#### [About this exercise]
From the first line to the last, retype everything below exactly, minus the pictures.

━━ Source data ━━

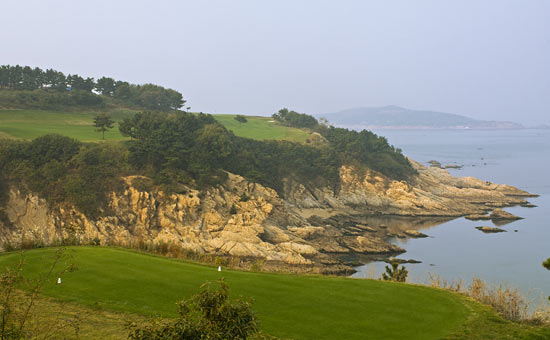 锦湖韩亚高尔夫球会美景 靠海孤岭考验球友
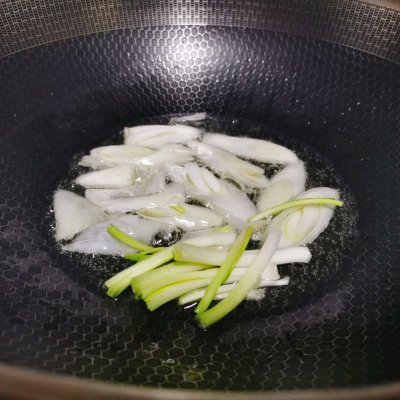 葱油拌面教程（教你最好吃的葱油拌面做法）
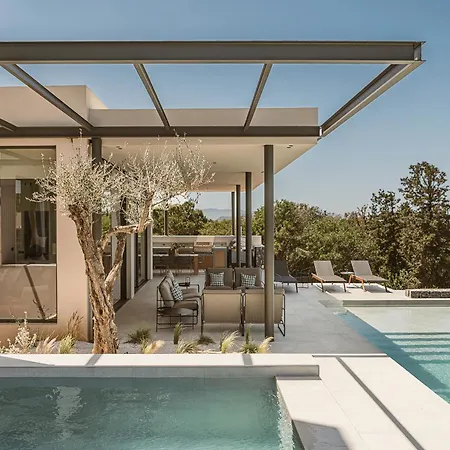 Eleven Sundays Retreat Escape By Etouri Villa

━━━

#### [Expected output]
 锦湖韩亚高尔夫球会美景 靠海孤岭考验球友
 葱油拌面教程（教你最好吃的葱油拌面做法）
 Eleven Sundays Retreat Escape By Etouri Villa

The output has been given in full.